After reading a couple of books that I found lacking, either in grammar and punctuation edits, or had a plot that moved so slow it didn’t feel as though it was going anywhere, or point of views that hopped randomly from character to character, I’d become very dissatisfied and wanted something that I could enjoy reading—a story that would pull me in—and characters that I could enjoy. As a reader, I don’t need or want inside of every character’s head. I want to focus on the main characters and their interesting lives.
Is it too much to ask to have a tale weaved so well that all you want to do is keep reading?
Courting Miss Lancaster by Sarah M. Eden is such a book.
It’s a charming tale told during regency England, and even though this is Sarah’s debut book by Covenant, it is not her first book—or even her second. Sarah is an author who took the publishing world by the horns and self-published until catching the attention of traditional publishers after receiving a Whitney Award nomination for her novel, Seeking Persephone.

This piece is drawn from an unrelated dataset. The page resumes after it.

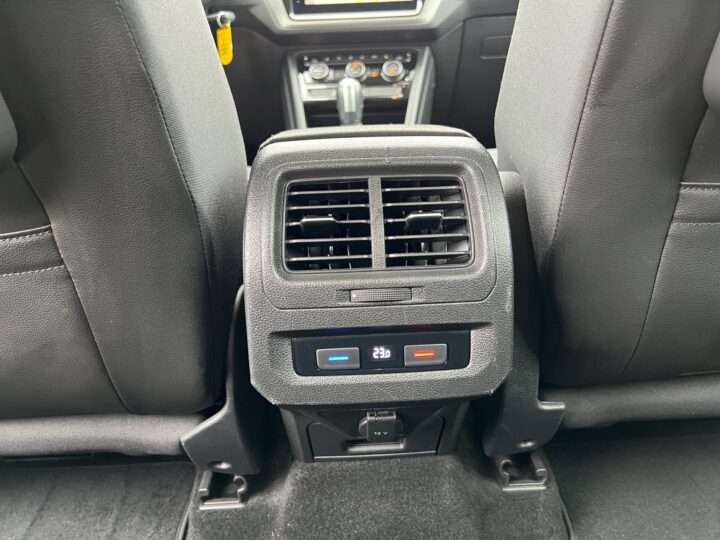 Abbildung Fahrzeugdetailansicht Volkswagen Touran - Nr. 31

Courting Miss Lancaster is better. Those who read Seeking Persephone are already familiar with some of the characters. Persephone came from an impoverished family and through a stroke of extreme good fortune married Adam Boyce, the Duke of Kielder. Athena is Persephone’s younger sister.
Adam has given each of his sisters-in-law a large dowry and, now that she is of age, has agreed to sponsor Athena for her first “Season” in London. Knowing how much the Duke hates socializing, Persephone and Athena have only asked that he sponsor her for the short season, and Athena has high hopes of finding true love within those few months.
Adam, truly unaware that his best friend, Harry, is smitten with Athena, asks him to help find her eligible men for suitors. This is where the fun begins. Harry, although he socializes with the rich and titled, is neither rich nor titled. He has nothing to offer the woman who stole his heart other than himself and a crumbling estate that he can’t afford to maintain. And Adam has insisted on, “no fortune hunters,” which Harry assumes he is.
When Harry discovers that Athena doesn’t have any idea what qualities she’d like in a husband, but only has a romantic notion that she’ll know her true love when their eyes meet and she sees him walking toward her at the ball, Harry develops a strategy to at least help her discover who she doesn’t want. Of course everything goes wrong.
I’ll not give away any more of the plot—just to say that there is one. And, that I enjoyed the book so much that I plan to read it again this summer.